In an earlier posting Google Books -A Library to Last Forever I suggested that Google so-founder Sergey Brin had accumulated well over 15,000 real books by the time he was 26. He still has a site up from his Stanford days with them all listed - My Favorite Books - a strange but just about credible collection with a heavy emphasis on SF and fantasy fiction although almost all the world's classics are there from Aeschylus to Xenophon. There's Crowley and Huxley, Le Fanu and Lovecraft, Deepak Chopra, most of the Booker authors and an unusual amount of female writers (some romantic or sword and sorcery) for a mere male to possess. I had a vague suspicion that these were not books read by him or even owned by him. How could the poisonous 'Protocols of the Elders of Zion' be a favourite book, let alone co-exist with Chris Rock's 'The Bitch Factor' ? Through some data mining aided by Google I ascertained that indeed these were not Sergey's books, but part of an early web search project done while he was at Stanford. Below is the garage in nearby Menlo Park where Google was born and where I had imagined he kept these books.

Sergey Brin did not possess 15000 books. In 1996/ 1997 he and 3 other Stanford guys were working on something called 'Dual Iterative Pattern Relation Expansion (DIPRE)'. As they put it
We begin with a small seed set of (author, title) pairs (in tests we used a set of just five pairs). Then we find all occurrences of those books on the Web (an occurrence of a book is the appearance of the title and author in close proximity on the same Web page). From these occurrences we recognize patterns for the citations of books. Then we search the Web for these patterns and find new books. We can then take these books, find all their occurrences, and from those generate more patterns. We can use these new patterns to find more books, and so forth. Eventually, we will obtain a large list of books and patterns for finding them.
They chose 5 books - Isaac Asimov's Robots of Dawn, David Brin's Startide Rising, James Gleick's Chaos: A New Science, Shakespeare's 'Comedy of Errors' and Dickens's 'Great Expectations'. Each book seems significant in hindsight--and it is likely these data miners in the dawn had great expectations. Anyway it was only the two science fiction books which produced usable patterns (3) and after searching 5 million web pages for these two they found 105 patterns…eventually adding the word 'books' they produced 15,527 titles "with very little bogus data." These are the books listed on the web as 'Sergey Brin's favourite books.' Books were useful for establishing the search code as the author and the title are often close together. To a civilian this stuff is mostly impenetrable but it seems what they were doing was laying the foundations for the code used by Google, truly a licence to print money (so much that he is now contemplating launching a space ship...)

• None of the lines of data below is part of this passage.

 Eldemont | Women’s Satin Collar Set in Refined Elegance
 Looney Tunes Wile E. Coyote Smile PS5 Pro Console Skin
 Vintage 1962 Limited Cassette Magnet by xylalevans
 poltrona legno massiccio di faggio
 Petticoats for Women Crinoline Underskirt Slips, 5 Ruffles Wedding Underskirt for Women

Reading this list without knowing the above it had seemed a strange and wondrous bunch of books. He even had a title that someone asked for this morning - D.E. Harding's mystical classic 'On Having No Head.' It is not impossible for a young person to accumulate 15000 books--if he or she buys 30 books a week from age 15 to 25 and has somewhere to put them they can achieve it with ease. Regular attendance at library sales will help. I have seen such collections, the novelist Hanif Kureishi who used to live near our shop in the early 1980s had about 10,000 paperbacks and he was not yet thirty. I knew a teenage dealer with 20000 books in a storage unit in the unpromising London suburb of Neasden. So it was entirely credible Brin, a highly educated student, could have this quantity of books.

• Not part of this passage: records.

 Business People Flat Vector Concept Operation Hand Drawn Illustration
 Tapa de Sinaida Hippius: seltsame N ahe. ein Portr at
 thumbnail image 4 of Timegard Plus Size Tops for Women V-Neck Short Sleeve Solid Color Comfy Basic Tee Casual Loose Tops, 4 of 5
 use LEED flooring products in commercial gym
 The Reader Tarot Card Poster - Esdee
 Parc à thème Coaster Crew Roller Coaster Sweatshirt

I first became suspicious when I came across books on the list by the obscure 90s writer Dollie Radford. I knew her books because recently we bought some of her son's library from a relation-- he had been a minor poet and a fringe Bloomsbury player (that's him below picnicking with handsome Rupert Brooke and RB's inamorata Noel Olivier and Virginia Woolf in a fetching headscarf.) What was Sergey doing reading Dollie? When I googled the pair of them all was explained. He actually mentions Dollie in one of his papers 'Extracting Patterns and Relations from the World Wide Web' -noting that 'one of the most surprising results was finding books which were not listed in major online sources such as 'The Young Gardener's Kalendar by Dollie Radford [Rad04]…'


Bloom's After Noon said...

You mention Hanif Kureishi who I used to see around Hammersmith. Didn't they (Frears etc.,) shoot a scene of his movie "Sammy and Rosie Get Laid" in your shop?

Bookride said...

You're not wrong! Great publicity it was too. Hanif was a keen buyer and a cool guy. I guess Frears must have come along to direct but I don't remember --we'r talking 22 years ago. Thanks. N.